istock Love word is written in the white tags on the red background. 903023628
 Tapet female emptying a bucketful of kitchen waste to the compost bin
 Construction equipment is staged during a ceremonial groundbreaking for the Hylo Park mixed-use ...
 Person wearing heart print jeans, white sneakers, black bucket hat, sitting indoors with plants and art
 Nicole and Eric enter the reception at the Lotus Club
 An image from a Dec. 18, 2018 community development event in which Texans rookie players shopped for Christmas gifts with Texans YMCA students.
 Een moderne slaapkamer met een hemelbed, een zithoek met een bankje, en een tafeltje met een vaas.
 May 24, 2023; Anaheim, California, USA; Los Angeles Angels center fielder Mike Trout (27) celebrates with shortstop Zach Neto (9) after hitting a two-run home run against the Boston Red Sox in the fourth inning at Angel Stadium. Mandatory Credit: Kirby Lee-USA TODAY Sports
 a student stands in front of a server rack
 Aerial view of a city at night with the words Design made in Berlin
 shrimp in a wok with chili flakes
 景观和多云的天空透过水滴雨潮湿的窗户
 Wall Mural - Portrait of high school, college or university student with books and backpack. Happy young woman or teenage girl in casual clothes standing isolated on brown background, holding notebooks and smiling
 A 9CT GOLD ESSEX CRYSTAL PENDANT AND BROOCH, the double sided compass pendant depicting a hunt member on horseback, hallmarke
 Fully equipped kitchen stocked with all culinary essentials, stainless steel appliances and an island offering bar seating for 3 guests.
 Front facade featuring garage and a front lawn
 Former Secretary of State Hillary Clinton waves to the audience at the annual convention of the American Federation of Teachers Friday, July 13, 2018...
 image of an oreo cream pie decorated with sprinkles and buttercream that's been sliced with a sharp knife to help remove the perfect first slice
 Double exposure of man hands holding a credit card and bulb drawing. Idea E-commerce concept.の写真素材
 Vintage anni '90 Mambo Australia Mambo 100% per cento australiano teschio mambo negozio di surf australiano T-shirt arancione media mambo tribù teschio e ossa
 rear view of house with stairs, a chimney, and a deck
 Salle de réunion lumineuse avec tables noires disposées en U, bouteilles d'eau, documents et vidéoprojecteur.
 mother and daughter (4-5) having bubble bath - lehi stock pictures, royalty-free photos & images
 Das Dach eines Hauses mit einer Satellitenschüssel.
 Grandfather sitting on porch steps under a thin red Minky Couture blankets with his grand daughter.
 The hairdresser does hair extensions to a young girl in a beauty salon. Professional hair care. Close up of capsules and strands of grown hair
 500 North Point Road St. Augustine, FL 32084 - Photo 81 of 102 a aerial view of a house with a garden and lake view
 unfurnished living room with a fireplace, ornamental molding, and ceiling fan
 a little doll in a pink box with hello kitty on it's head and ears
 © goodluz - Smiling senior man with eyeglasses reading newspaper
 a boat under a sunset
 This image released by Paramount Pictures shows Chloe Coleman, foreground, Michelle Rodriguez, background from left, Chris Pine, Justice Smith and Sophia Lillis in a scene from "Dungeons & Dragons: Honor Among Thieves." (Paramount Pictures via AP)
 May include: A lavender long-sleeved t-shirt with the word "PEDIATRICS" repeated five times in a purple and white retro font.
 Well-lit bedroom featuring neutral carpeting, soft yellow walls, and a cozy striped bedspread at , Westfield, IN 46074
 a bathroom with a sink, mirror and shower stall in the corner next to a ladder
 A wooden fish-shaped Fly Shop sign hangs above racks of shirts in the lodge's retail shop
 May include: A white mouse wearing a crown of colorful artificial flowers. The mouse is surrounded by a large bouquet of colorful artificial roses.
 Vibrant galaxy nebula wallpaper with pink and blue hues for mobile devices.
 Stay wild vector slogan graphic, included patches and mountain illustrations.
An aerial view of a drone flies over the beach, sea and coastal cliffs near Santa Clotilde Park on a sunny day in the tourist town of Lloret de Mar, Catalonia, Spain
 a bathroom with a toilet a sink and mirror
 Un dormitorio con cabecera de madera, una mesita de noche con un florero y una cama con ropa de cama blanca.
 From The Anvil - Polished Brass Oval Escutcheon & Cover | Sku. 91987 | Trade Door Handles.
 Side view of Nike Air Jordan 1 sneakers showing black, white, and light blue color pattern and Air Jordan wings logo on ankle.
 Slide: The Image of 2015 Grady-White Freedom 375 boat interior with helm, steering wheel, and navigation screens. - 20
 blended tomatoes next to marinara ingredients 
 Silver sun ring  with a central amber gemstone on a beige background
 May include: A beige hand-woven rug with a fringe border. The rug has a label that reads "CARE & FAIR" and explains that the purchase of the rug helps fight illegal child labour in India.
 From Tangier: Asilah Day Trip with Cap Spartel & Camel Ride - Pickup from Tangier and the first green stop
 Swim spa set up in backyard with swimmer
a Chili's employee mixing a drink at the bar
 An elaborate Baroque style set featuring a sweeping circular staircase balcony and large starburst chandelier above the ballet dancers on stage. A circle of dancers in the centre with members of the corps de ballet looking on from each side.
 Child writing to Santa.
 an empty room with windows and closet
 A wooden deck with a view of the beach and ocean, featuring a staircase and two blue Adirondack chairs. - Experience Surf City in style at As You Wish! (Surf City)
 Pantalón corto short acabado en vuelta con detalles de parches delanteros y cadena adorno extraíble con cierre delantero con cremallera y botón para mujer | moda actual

## Instructions to follow:
Every line holding the string "beach" should be copied here, so please find those lines in the data.

## Solution:
An aerial view of a drone flies over the beach, sea and coastal cliffs near Santa Clotilde Park on a sunny day in the tourist town of Lloret de Mar, Catalonia, Spain
 A wooden deck with a view of the beach and ocean, featuring a staircase and two blue Adirondack chairs. - Experience Surf City in style at As You Wish! (Surf City)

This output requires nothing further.